Ketiga ; Napas Yang Berhembus
[Bab 6 sudah bisa kalian baca, bagi yang ingin baca duluan, ya. Happy reading!]
Ada tiga sayatan yang melukai hati Nayana. Satu diantaranya adalah sayatan fisik, terlihat dan membekas di perut bawahnya. Setiap kali merabanya, dia merasakan sensasi ngilunya. Lalu, dia baru menyadari bahwa ketika mendapati hasil pengorbanannya malah akrab dengan Patra ... sayatan lain malah mengupas dadanya. Dan satu lagi sayatan yang tidak kuat untuk Nayana sebutkan, tapi selalu hadir di ingatan. Mencabik-cabik dirinya hingga tak kuat bernapas.
"Mami nangis."
Nayana langsung mengusap pipinya. Dia tidak tahu jika tangisan bisa jatuh tanpa dirasa.

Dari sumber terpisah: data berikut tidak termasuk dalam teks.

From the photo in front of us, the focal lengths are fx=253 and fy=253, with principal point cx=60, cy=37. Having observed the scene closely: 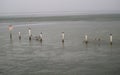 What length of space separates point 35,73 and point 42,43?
20.3 meters

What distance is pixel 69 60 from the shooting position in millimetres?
34531

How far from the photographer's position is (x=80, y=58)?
35500 mm

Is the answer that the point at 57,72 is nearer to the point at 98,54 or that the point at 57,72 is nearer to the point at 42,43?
the point at 98,54

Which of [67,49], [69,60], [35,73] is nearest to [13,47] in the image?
[67,49]

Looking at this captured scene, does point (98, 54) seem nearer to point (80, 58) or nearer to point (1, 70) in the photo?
point (80, 58)

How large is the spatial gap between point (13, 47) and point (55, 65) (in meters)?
16.3

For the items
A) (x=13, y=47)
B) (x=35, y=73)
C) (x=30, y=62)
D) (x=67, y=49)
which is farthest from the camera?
(x=13, y=47)

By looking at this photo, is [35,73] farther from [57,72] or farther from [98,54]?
[98,54]

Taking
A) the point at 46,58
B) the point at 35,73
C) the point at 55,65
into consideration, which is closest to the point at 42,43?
the point at 46,58

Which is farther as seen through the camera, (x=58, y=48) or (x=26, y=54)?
(x=58, y=48)

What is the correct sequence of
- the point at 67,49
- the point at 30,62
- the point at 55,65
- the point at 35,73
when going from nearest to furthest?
the point at 35,73 → the point at 55,65 → the point at 30,62 → the point at 67,49

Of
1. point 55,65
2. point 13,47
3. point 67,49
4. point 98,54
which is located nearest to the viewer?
point 55,65

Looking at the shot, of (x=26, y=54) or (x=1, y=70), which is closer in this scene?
(x=1, y=70)

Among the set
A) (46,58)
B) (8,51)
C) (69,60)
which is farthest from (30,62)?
(8,51) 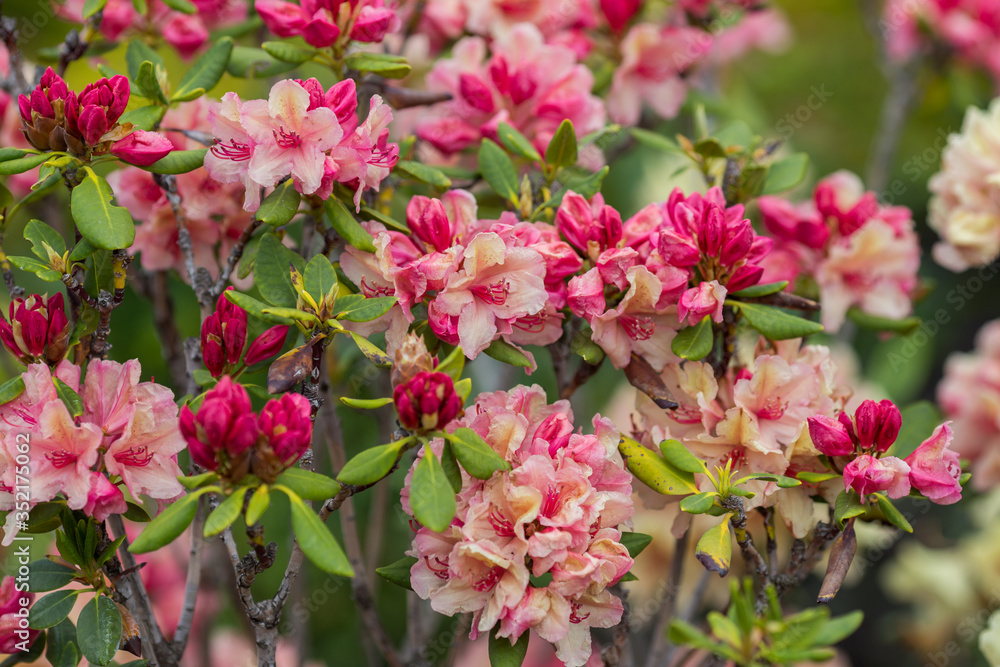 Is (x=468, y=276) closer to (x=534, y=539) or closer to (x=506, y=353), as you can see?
(x=506, y=353)

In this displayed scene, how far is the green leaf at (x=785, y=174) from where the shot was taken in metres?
1.14

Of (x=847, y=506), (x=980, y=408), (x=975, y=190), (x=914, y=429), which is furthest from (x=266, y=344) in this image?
(x=980, y=408)

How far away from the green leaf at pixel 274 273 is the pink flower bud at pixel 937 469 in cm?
67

"Aiya? Papi, kan, udah minta waktu buat ngomong sama mami. Kenapa Aiya nggak nurut?" Patra yang tak mau Nayana kesal langsung menghampiri putrinya yang keluar dari kamar.
"Aiya nulut Papi. Tapi ini onti Tita mo bicala."
Pratista. Nayana tahu siapa wanita itu. Adik perempuan Patra yang dulu menatapnya dengan sinis. Mereka pertama kali bertemu ketika Patra membawa Nayana ke rumah orang tuanya, rumah yang sekarang masih digunakan oleh Patra, dan membawa kabar kehamilan Nayana.
Nayana paham tatapan sinis dan tak suka itu datang karena ada penolakan yang dia berikan. Nayana sempat menolak keras keinginan Prata untuk bertanggung jawab. Dari sanalah hubungan tak akur antara Nayana dan Pratista dimulai.
"Aya, aku tinggal sebentar nggak apa-apa, kan?" tanya Patra.
"Hm."
Meski Patra agak tak nyaman meninggalkan Nayana, tapi pria itu akhirnya menyingkir untuk bicara dengan adiknya melalui ponsel yang Zaira berikan. Patra tahu bahwa Nayana tak suka dengan adik pria itu dan juga sebaliknya. Jadi, Prata memilih menjauh saat bicara dengan sang adik.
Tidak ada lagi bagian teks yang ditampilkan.